Collection entries:
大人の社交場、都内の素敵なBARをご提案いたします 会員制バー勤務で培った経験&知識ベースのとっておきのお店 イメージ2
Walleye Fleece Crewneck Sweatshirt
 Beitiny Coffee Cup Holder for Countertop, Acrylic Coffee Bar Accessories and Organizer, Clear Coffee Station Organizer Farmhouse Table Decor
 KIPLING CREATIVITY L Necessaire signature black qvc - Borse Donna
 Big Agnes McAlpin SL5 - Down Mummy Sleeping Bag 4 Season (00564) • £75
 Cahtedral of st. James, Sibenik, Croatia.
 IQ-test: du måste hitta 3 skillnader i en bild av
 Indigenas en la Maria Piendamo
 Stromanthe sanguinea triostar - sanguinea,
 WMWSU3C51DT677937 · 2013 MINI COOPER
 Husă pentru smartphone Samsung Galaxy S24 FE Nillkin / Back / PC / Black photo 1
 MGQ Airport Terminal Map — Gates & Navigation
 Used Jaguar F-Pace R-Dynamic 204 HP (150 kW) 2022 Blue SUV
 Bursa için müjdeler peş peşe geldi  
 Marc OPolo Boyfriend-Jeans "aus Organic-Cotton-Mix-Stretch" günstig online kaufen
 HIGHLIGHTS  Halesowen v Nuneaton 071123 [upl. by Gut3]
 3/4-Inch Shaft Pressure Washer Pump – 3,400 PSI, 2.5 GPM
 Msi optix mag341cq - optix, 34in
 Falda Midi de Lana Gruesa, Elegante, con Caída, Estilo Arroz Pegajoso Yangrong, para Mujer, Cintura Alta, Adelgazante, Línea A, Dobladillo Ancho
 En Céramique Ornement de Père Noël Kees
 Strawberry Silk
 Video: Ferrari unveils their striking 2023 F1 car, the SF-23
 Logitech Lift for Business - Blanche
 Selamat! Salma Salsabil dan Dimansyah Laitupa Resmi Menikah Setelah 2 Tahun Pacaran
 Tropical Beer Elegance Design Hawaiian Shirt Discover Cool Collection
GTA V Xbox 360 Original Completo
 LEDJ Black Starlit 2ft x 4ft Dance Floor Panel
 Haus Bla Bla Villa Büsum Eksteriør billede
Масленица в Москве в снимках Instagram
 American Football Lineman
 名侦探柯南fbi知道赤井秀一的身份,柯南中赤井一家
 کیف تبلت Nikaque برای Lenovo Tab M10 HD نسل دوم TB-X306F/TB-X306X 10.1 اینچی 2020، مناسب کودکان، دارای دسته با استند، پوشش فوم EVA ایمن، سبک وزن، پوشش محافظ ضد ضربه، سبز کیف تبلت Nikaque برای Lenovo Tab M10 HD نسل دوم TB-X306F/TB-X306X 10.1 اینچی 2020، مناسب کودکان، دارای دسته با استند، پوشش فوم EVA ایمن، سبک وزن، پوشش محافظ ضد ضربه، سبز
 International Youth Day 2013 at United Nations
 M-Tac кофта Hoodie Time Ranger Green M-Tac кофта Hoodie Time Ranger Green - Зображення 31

The task:
From the entries above, print the lines beginning at the one with "[upl. by Gut3]" and stopping after the one with "名侦探柯南fbi知道赤井秀一的身份,柯南中赤井一家", exactly as written and with nothing else.

Reply to the exercise:
 HIGHLIGHTS  Halesowen v Nuneaton 071123 [upl. by Gut3]
 3/4-Inch Shaft Pressure Washer Pump – 3,400 PSI, 2.5 GPM
 Msi optix mag341cq - optix, 34in
 Falda Midi de Lana Gruesa, Elegante, con Caída, Estilo Arroz Pegajoso Yangrong, para Mujer, Cintura Alta, Adelgazante, Línea A, Dobladillo Ancho
 En Céramique Ornement de Père Noël Kees
 Strawberry Silk
 Video: Ferrari unveils their striking 2023 F1 car, the SF-23
 Logitech Lift for Business - Blanche
 Selamat! Salma Salsabil dan Dimansyah Laitupa Resmi Menikah Setelah 2 Tahun Pacaran
 Tropical Beer Elegance Design Hawaiian Shirt Discover Cool Collection
GTA V Xbox 360 Original Completo
 LEDJ Black Starlit 2ft x 4ft Dance Floor Panel
 Haus Bla Bla Villa Büsum Eksteriør billede
Масленица в Москве в снимках Instagram
 American Football Lineman
 名侦探柯南fbi知道赤井秀一的身份,柯南中赤井一家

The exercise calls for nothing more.